Analizzare una canzone a volte è molto più semplice che comprenderne, profondamente, il senso. Si può partire dai dati contestuali e storici. Oppure addentrarsi nelle intenzioni intrinseche dell’artista. E anche in quel caso, molto spesso, non si arriva al nocciolo significante del brano. Caso emblematico è Space Oddity, singolo di David Bowie uscito l’11 Luglio del 1969. Tra atmosfere e suggestioni rock psichedeliche, la partenza e l’allunaggio di un personaggio chiamato Major Tom si colorano di un senso squisitamente personale di alienazione e solitudine, che tuttavia Bowie non ha voluto mai spiegare fino in fondo.

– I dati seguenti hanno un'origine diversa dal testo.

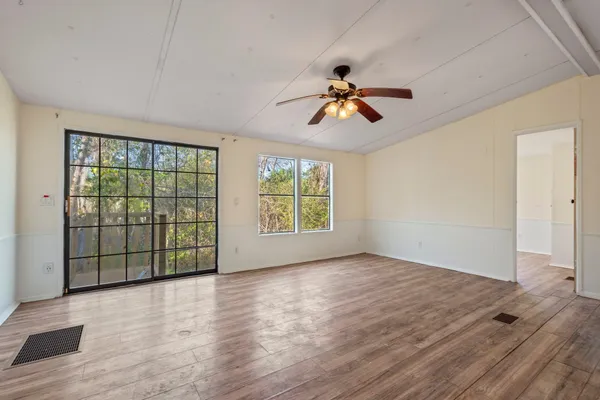 a view of empty room with wooden floor and fan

Il brano, la storia e il senso

Nel 2013 un’emblematica recensione sul Sunday Times riportava “Space Oddity, con il suo ossessivo isolamento, la sua purezza asessuata e la sua passività, annunciava la fine dei dionisiaci anni sessanta”. David Bowie – dopo una serie di singoli deludenti e un album d’esordio uscito in sordina – pubblica uno dei suoi brani più iconici e rappresentativi. L’11 Luglio 1969 il cantante presenta al mondo Major Tom, il protagonista di una storia che attinge tanto a fatti reali quando a sensazioni totalmente personali.

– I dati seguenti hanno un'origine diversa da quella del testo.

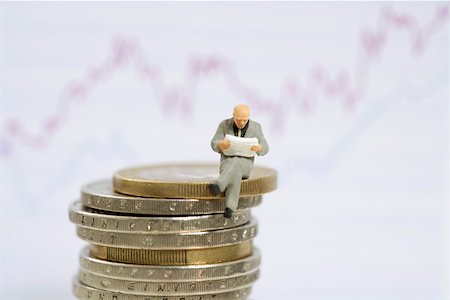 simsearch:628-01712179,k - Businessman figurine sitting on stack of coins while reading Stock Photo - Premium Royalty-Free, Code: 628-01712350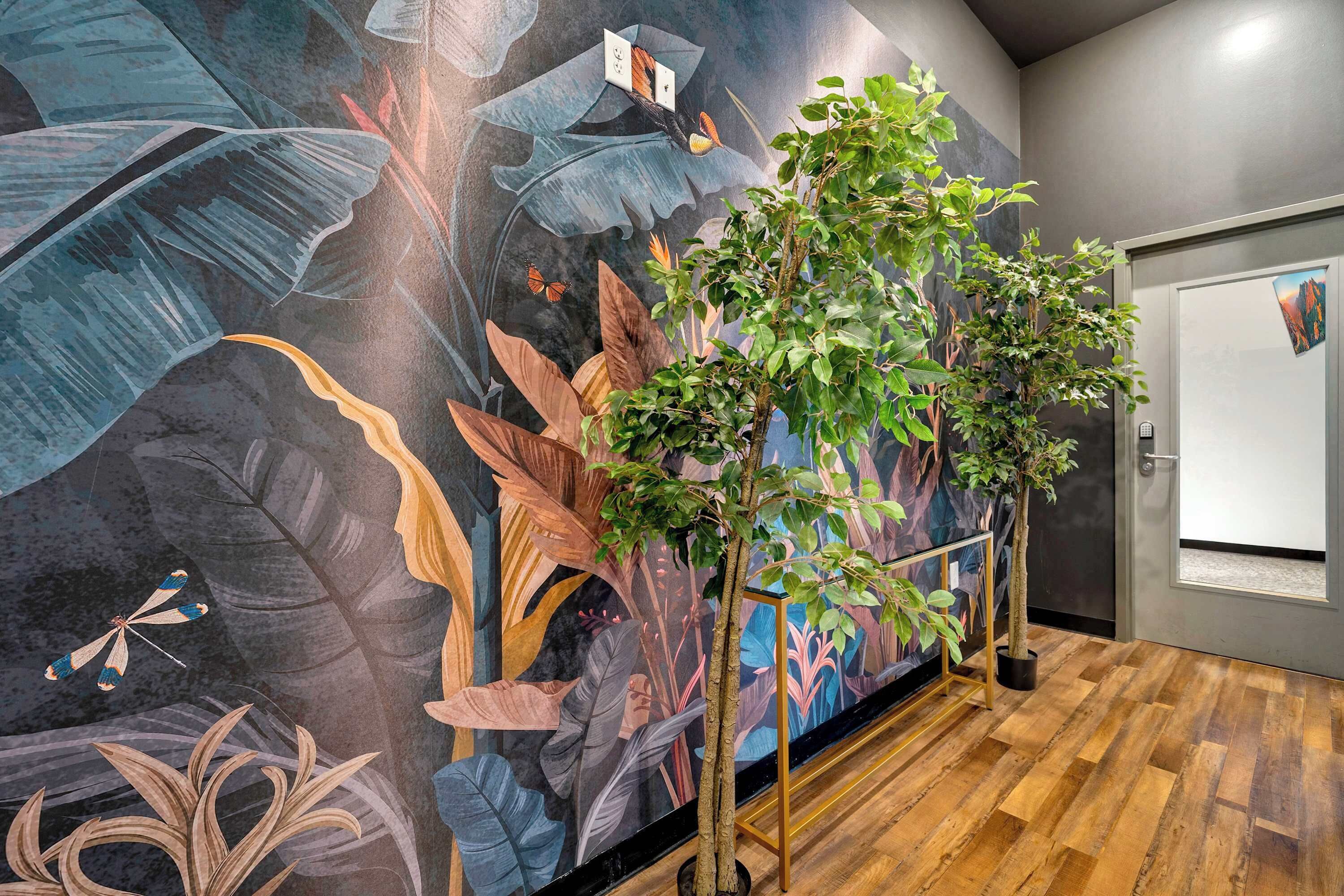 Quarto com um mural de folhagem tropical e borboletas, piso de madeira e plantas em vasos.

Il primo dato concreto è la fine della relazione tra David Bowie e Hermione Farthingale, proprio il giorno prima che il cantante eseguisse la prima registrazione di Space Oddity. Il senso di impotenza – Planet Earth is Blue, And There’s Nothing I can Do – di allontanamento, di solitudine e alienazione permeano l’intero pezzo. Major Tom – un personaggio in cui, per sua stessa ammissione, David Bowie non poteva fare a meno di identificarsi – fluttua in un dimensione atemporale, bloccato in una paralisi straniante – Though I’m Past One Hundred Thousands Miles / I’m Feeling Very Still – che lo fa sentire lontano dalla realtà rassicurante che una volta conosceva.

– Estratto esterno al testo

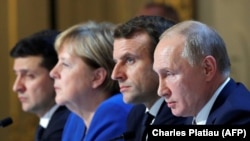 Ukrainian President Volodymyr Zelenskiy, (left to right) German Chancellor Angela Merkel, French President Emmanuel Macron, and Russian President Vladimir Putin attend a press conference after a summit on Ukraine at the Elysee Palace in Paris in December 2019.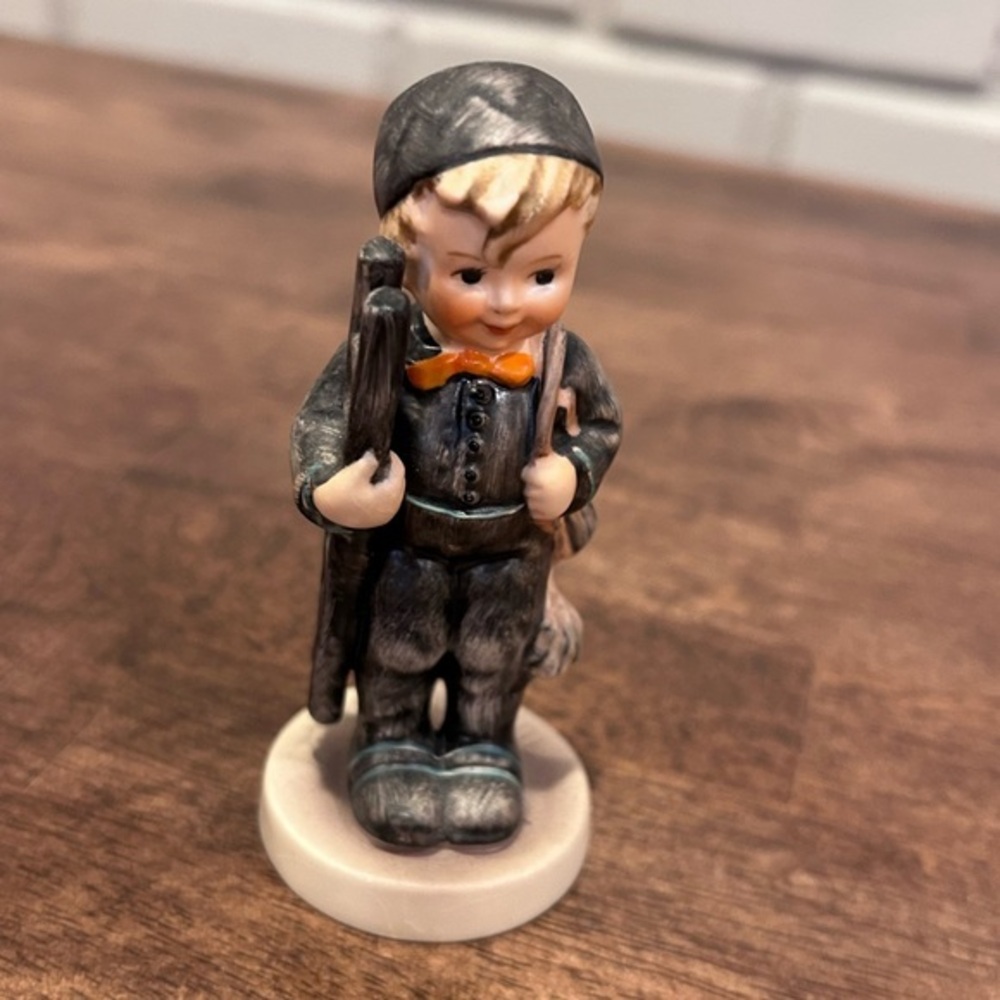 This is a Goebel M.I. Hummel "Chimney Sweep" figurine, model number 12/2/0.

David Bowie rimase sempre molto vago sul significato profondo di Space Oddity. Disse all’epoca che parlava di alienazione e poi nel 2002, in un’intervista per Mojo, affermò che esprimeva la sensazione del sentirsi soli. Il senso del brano ha sicuramente più chiavi di lettura diverse e varia a seconda di quale punto di riferimento si prenda. La fine della relazione con Hermione nel 1969 suggerisce un senso di rassegnazione e sofferenza. Un senso latente di nevrosi e mania del controllo indicherebbe la paura di essere gettati in un mondo sconosciuto, alieno. Tanto l’universo storicamente connotato quando la realtà ostile fuori dal grembo materno. Infine, una sottocorrente interpretativa, vede in Space Oddity anche un riferimento all’uso di sostanza stupefacenti.

Le dichiarazioni di David Bowie

Con riferimento all’interpretazione che vede, nel fluttuare atemporale e oltre lo spazio del protagonista, un riferimento all’uso di droghe, David Bowie rilasciò alcune dichiarazioni. Ammise che nel 1968 era stato attratto dal mondo di esperienze nuove che gli avrebbe potuto spalancare l’eroina. E poi, nel 1980, tornò sull’argomento per il New Musical Express. “C’era la grande esplosione tecnologica americana che ha spinto questo ragazzo nello spazio […] ed è lì che l’ho lasciato – dirà Bowie – Una volta accortosi che l’intero processo è decaduto è entrato in un ciclo di decomposizione. Ma lui vuole tornare nel rassicurante grembo, sulla Terra […] Si tratta di uomini dello spazio diventati dei drogati”.

Space Oddity racchiude quindi, in ultima analisi, una serie caleidoscopica di suggestioni che è impossibile ridurre ai minimi termini. Il dolore per la fine di una storia d’amore, che fa sentire soli. L’alienazione straniante di un animo sensibile nella realtà contemporanea. L’arrivo dell’uomo sulla luna, su un corpo celeste che fa nascere il desiderio di tornare a casa. Il bisogno mai sopito, ingenuo e fanciullesco dell’uomo, di tornare nel rassicurante grembo materno, l’unico luogo dove ci si sentiva sicuri.